• [Provided information]
————————

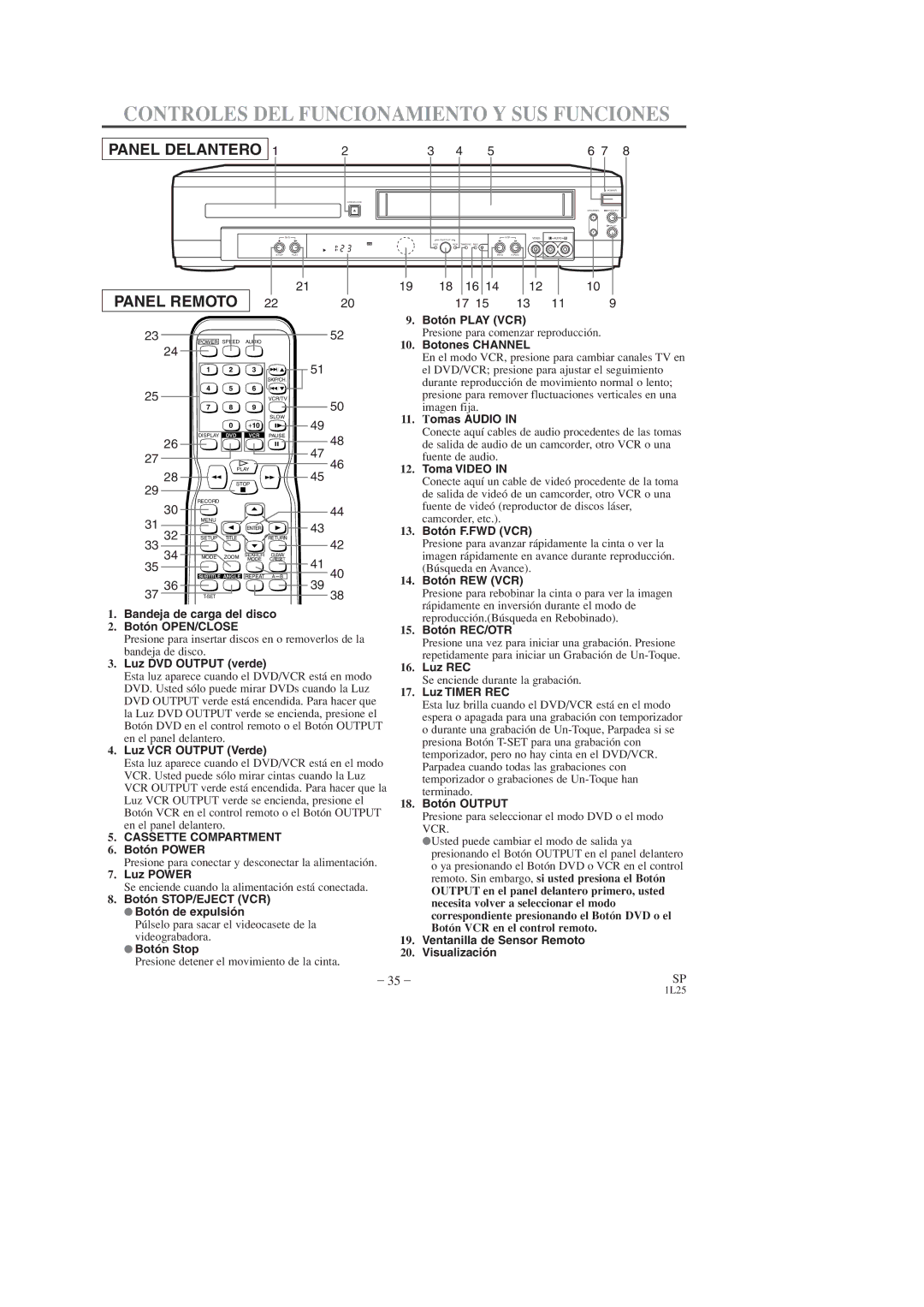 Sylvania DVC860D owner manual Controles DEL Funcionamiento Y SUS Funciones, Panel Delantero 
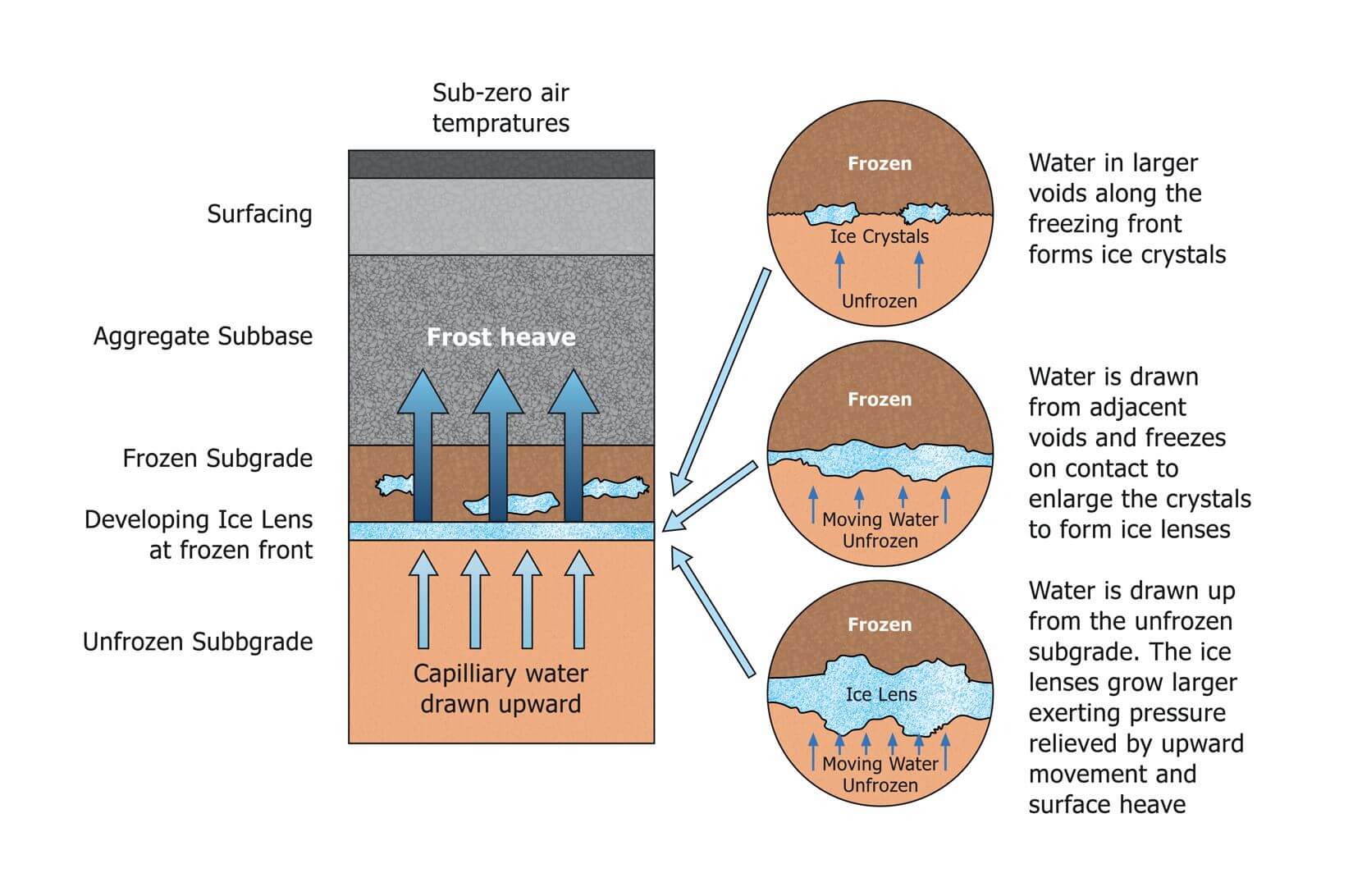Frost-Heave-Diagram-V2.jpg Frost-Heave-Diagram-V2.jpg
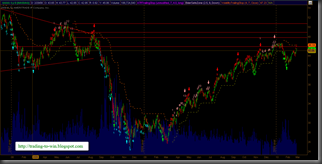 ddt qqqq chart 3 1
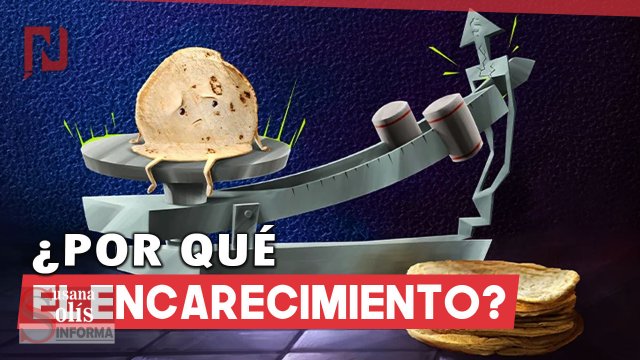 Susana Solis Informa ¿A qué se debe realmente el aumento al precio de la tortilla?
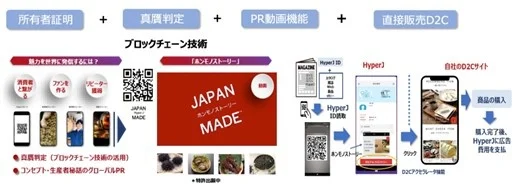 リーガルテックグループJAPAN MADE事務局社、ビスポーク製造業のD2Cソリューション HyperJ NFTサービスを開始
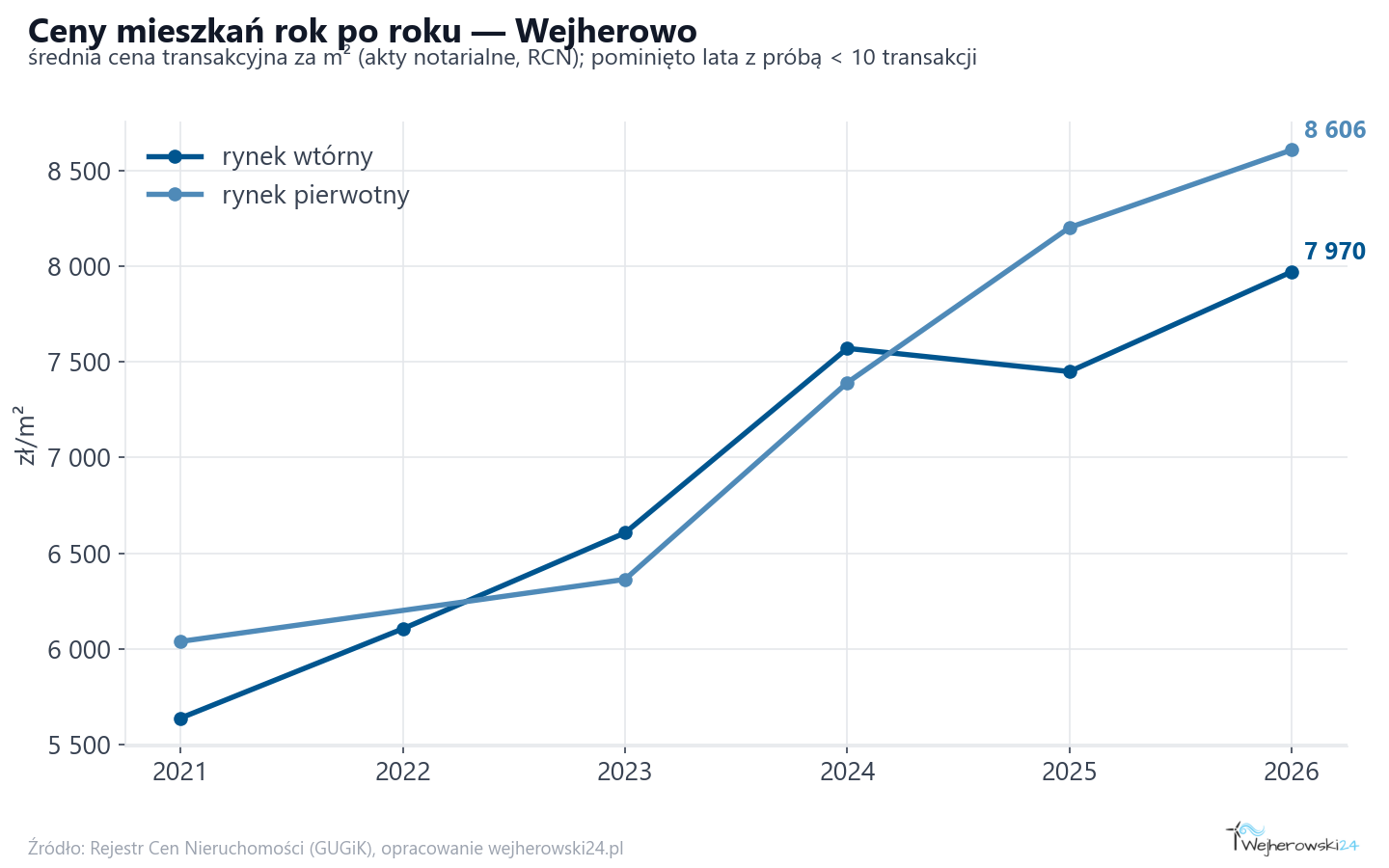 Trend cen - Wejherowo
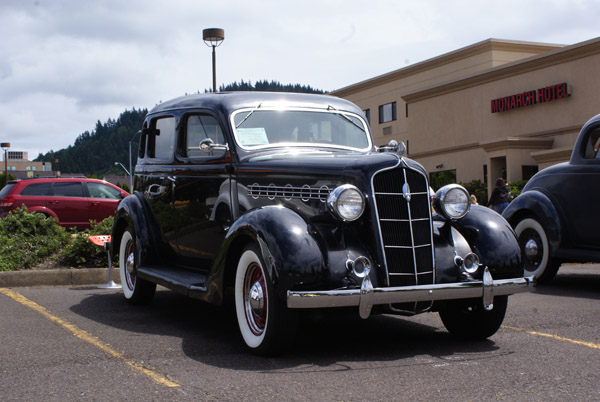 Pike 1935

————————

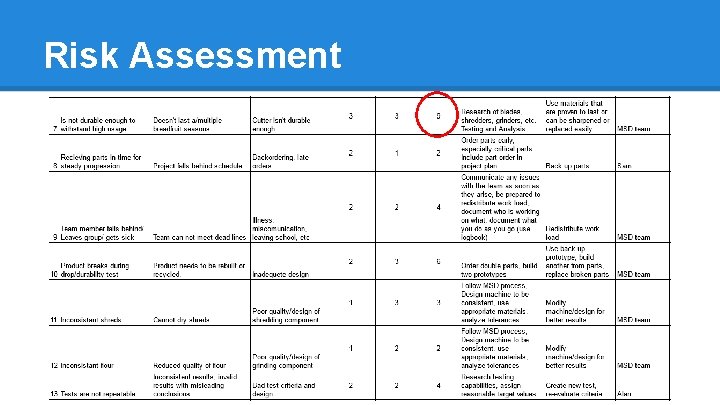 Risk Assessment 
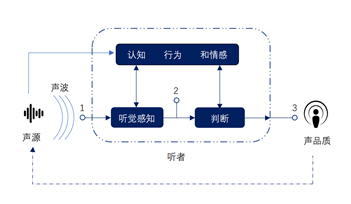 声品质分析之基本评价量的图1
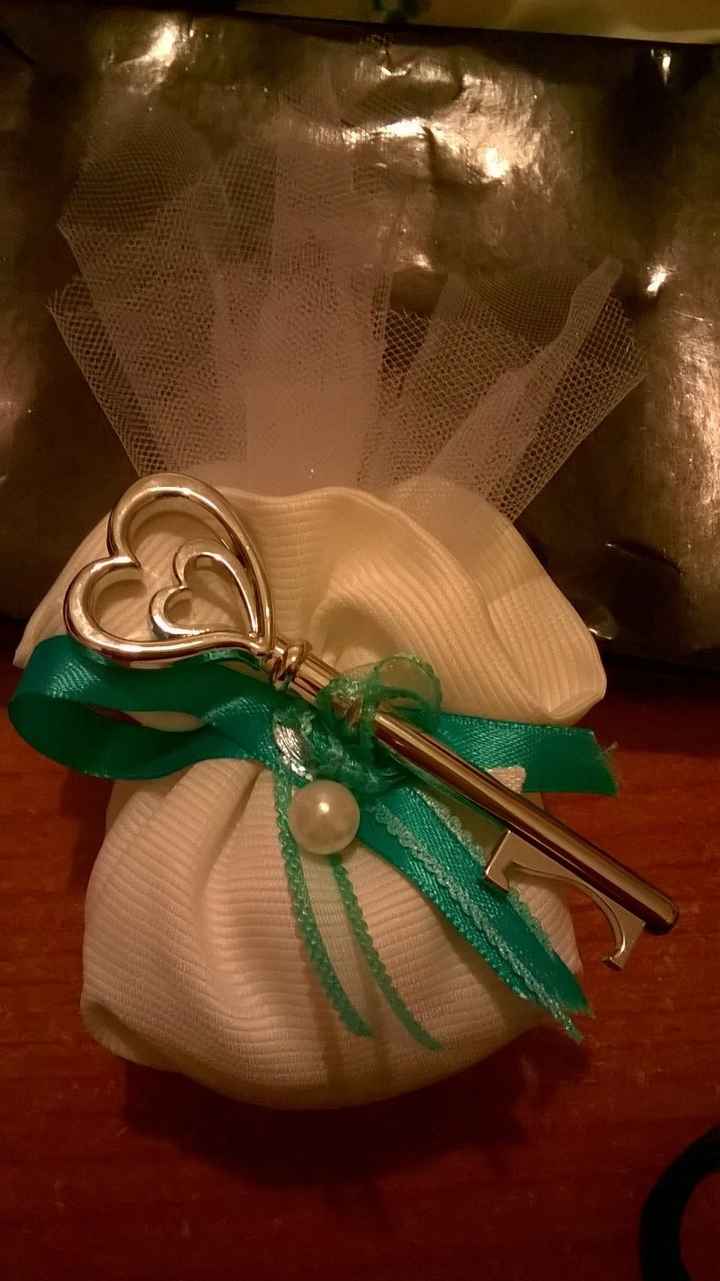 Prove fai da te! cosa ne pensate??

————————

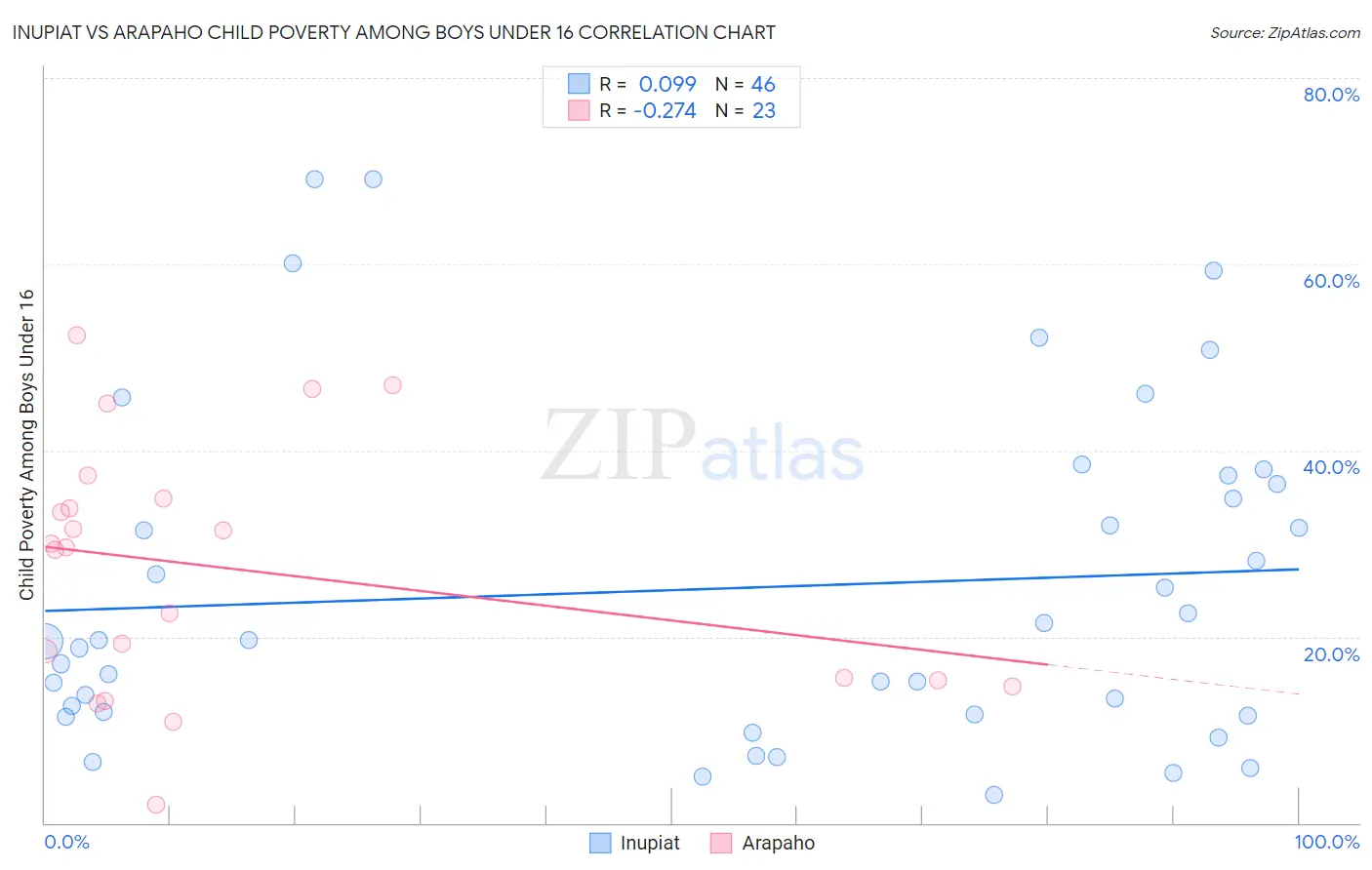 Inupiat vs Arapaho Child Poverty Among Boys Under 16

————————

• [What this task involves] Nothing outside the stretch above, from the line with "Sylvania DVC860D owner" through the line with "Susana Solis Informa", is set down. Transcribe that stretch exactly, ends included, but not its pictures.

• [Answer below]
 Sylvania DVC860D owner manual Controles DEL Funcionamiento Y SUS Funciones, Panel Delantero 
Frost-Heave-Diagram-V2.jpg Frost-Heave-Diagram-V2.jpg
 ddt qqqq chart 3 1
 Susana Solis Informa ¿A qué se debe realmente el aumento al precio de la tortilla?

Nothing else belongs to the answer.